Kate Peterson is coming undone.
At age 25, the singer-songwriter has reached a point of transformation
in her life, vacillating between where she wants to live, what she wants
to do and who she wants to be.
It's a theme that has popped up frequently in Peterson's songwriting
during the last year. So much so that she wrote a song about it -- "Undone"
-- which also serves as the album's title.
"The song is about wandering, trying to figure stuff out,"
the Lansing musician said. "Coming undone doesn't mean in pieces;
it means unfinished.
"I'm kind of in a state of not knowing, but I feel fine about
that. I'm in a really good place and no matter where I end up, it's
going to be good."
Undone is Peterson's second album. She released her self-recorded debut
album, More to Me, in 2001. Playing what she calls, "pleasantly
aggressive folk," Peterson started performing about four years
ago. Since then, she has become well-known in the Lansing singer-songwriter
circuit. Along the way, her songwriting has become more sophisticated,
her guitar-playing more refined. She still belts out deeply personal,
heartfelt lyrics, but with more passion and energy than before. (That
worn spot on her guitar has gotten deeper.)
Peterson wanted Undone to be emotionally and musically raw like Lori
McKenna's Kitchen Tapes, recorded on a mini-disc player in McKenna's
kitchen. Recorded at Jason Lantrip's Lansing studio, Trash 180, Peterson
mimics much of the same intimacy of McKenna's album. She sings straight
from her gut with an emotional intensity that can cause goosebumps.
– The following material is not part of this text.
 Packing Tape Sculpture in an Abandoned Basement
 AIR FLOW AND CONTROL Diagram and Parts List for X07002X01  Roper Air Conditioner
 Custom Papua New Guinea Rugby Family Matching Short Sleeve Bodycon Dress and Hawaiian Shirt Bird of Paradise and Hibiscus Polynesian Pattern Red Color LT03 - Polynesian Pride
"A lot of [the] songs are about me working through s---, growing
up," she said. "It's about worrying. I'm 25, I have a lot
to figure out."
The intimacy of Undone goes even deeper than Peterson's previous album
with songs such as "It Was Nice," about a relationship that
Peterson realized she couldn't save and "Sundays," which Peterson
wrote for her partner and is "the most intense, outwardly personal
song" Peterson said she has ever written.
"When those words were written, they weren't meant to go to anyone
else," she said, laughing. "I'm definitely an e-mail poet.
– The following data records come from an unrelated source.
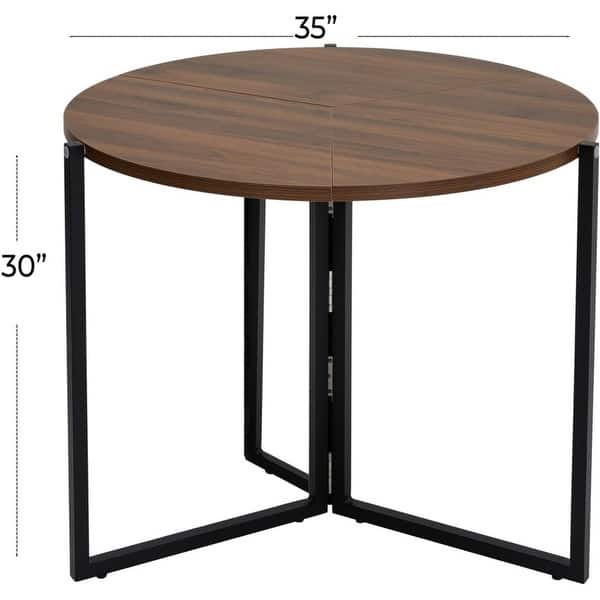 Aria Home 35 Inch Folding Table Round Trifold Multi Use Space Saving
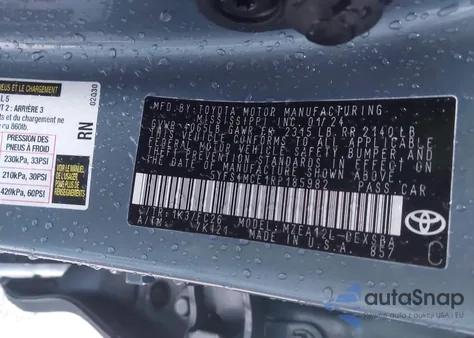 2024 Toyota Corolla Se из США, поврежденный, VIN 5YFS4MCE1RP185982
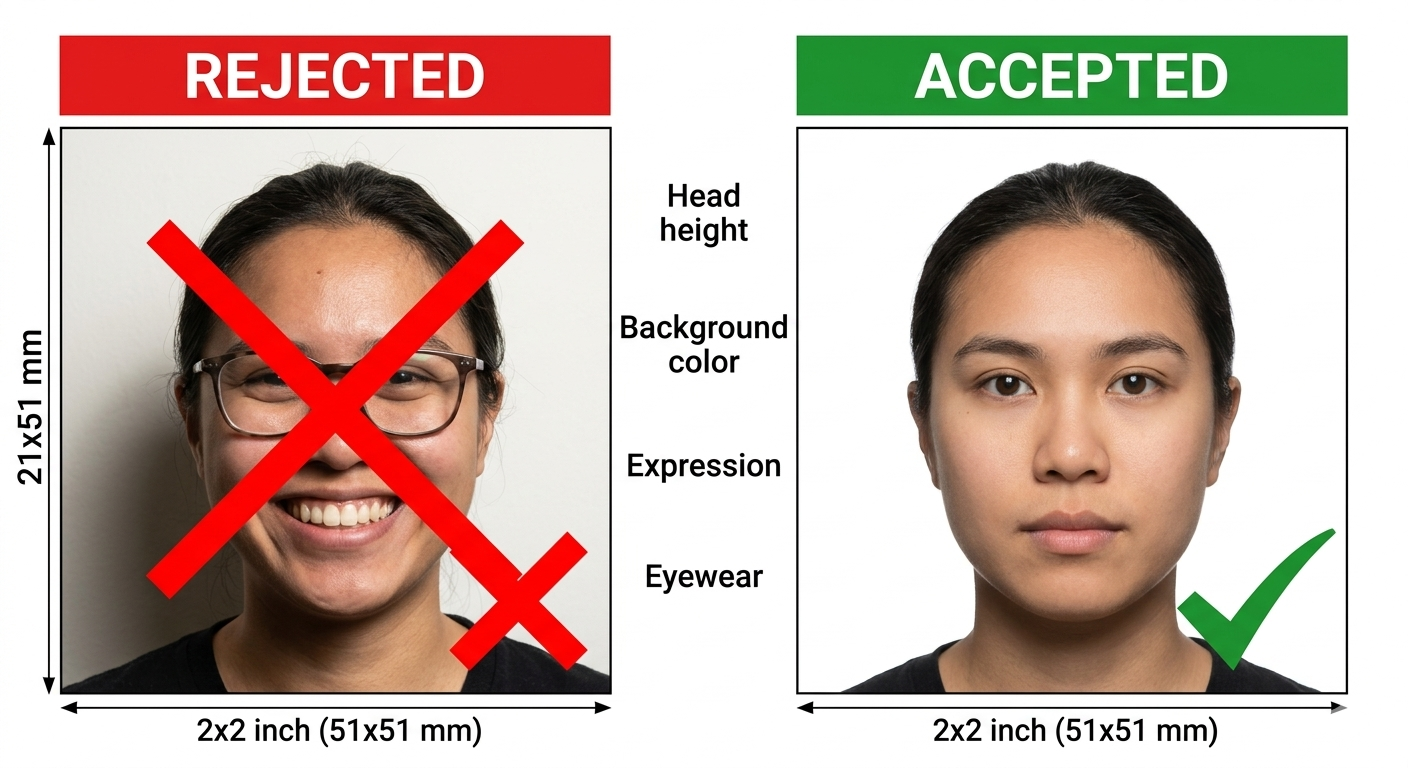 Rejected vs Accepted Passport Photo Comparison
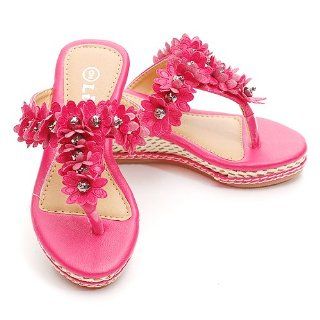 13 Fuchsia Flower T Strap Wedge Sandals Shoes: Forever Link: Shoes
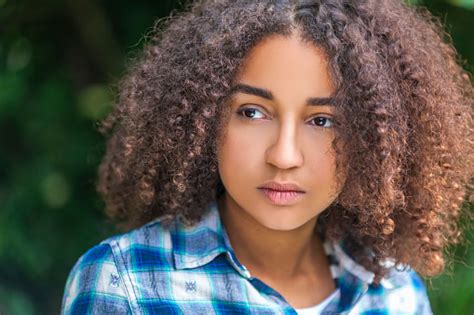 Beautiful Mixed Race African American Girl Teenager Stock Photo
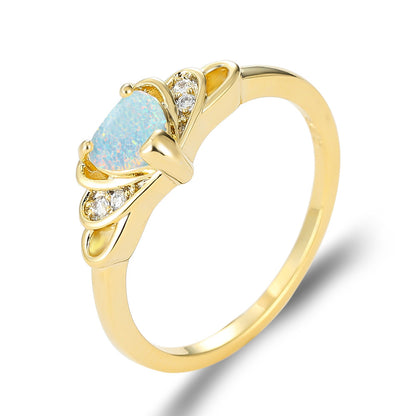 Women's Heart Opal Zirconia ring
I write lots of e-mails like that and that's how it came out in an e-mail.
But it was a big step for me to put that out there. It's very personal.
Most people don't show that side of themselves."
Songwriting for Peterson is a lot like journaling, except for the fact
that she then shares those words with strangers on stage.
"Maybe I'm oblivious to the fact that other people hear these
words and know this about me," she said. "I never think about
how vulnerable it makes me. When I'm on stage, I'm not hiding anything.
I'm completely straightforward, even if I'm rambling about what I did
that day, what my insecurities are at that moment or how I'm embarrassed
that I'm sweating so much. I don't think of it as me telling secrets.
"The idea of writing a song about something other than me feels
really strange. I have never written some fiction folk song about some
guy down the river. Am I supposed to be able to do that?"